We want basic HTTP authentication (username/password in the request header) instead of a login page, since this is an API. Create a security config class:

package com.example.demo.config;

import org.springframework.context.annotation.Bean;
import org.springframework.context.annotation.Configuration;
import org.springframework.security.config.annotation.web.builders.HttpSecurity;
import org.springframework.security.config.annotation.web.configuration.EnableWebSecurity;
import org.springframework.security.core.userdetails.User;
import org.springframework.security.core.userdetails.UserDetailsService;
import org.springframework.security.provisioning.InMemoryUserDetailsManager;
import org.springframework.security.web.SecurityFilterChain;

@Configuration
@EnableWebSecurity
public class SecurityConfig {

    @Bean
    public SecurityFilterChain securityFilterChain(HttpSecurity http) throws Exception {
        http
            .authorizeHttpRequests(auth -> auth
                .requestMatchers("/hello").authenticated() // Secure /hello
                .anyRequest().permitAll())              // Allow other endpoints
            .httpBasic();                               // Use basic auth
        return http.build();
    }

    @Bean
    public UserDetailsService userDetailsService() {
        var user = User.withDefaultPasswordEncoder()
            .username("admin")
            .password("password123")
            .roles("USER")
            .build();
        return new InMemoryUserDetailsManager(user);
    }
}

Here’s what’s happening:

.httpBasic() enables basic authentication.
.requestMatchers("/hello").authenticated() secures our /hello endpoint.
We set a custom user (admin/password123) in memory for testing.
Restart your app. Now, /hello requires credentials!

Step 4: Test Your Secured API

Open Postman (or use curl) and make a GET request to http://localhost:8080/hello:

Without credentials: You’ll get a 401 Unauthorized.
With basic auth:

Username: admin
Password: password123
In Postman, go to the “Authorization” tab, select “Basic Auth,” and enter the creds.

Hit send, and you’ll see “Hello, World!” Success! Here’s the curl equivalent:

curl -u admin:password123 http://localhost:8080/hello

Step 5: Add More Security (Optional Tweaks)

Want to level up?

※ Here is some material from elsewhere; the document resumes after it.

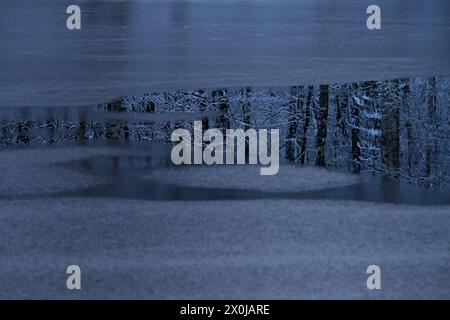 Eis bildet sich auf einem See, die schneebedeckten Bäume spiegeln sich im dunklen Wasser, Deutschland Stockfoto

Here are two quick ideas:

Restrict by Role: Update the config to require a role:

.requestMatchers("/hello").hasRole("USER")

Secure All Endpoints: Remove .anyRequest().permitAll() and use:

.anyRequest().authenticated()

Restart and test again. Now only users with the “USER” role can access /hello, or all endpoints are locked down—your choice!

**Why This Matters

When I worked on an inventory app at UmarTech, leaving endpoints open was a no-go—sensitive data like stock levels needed protection. Basic auth with Spring Security was my go-to starting point. It’s simple, effective, and sets the stage for fancier stuff like JWT later on.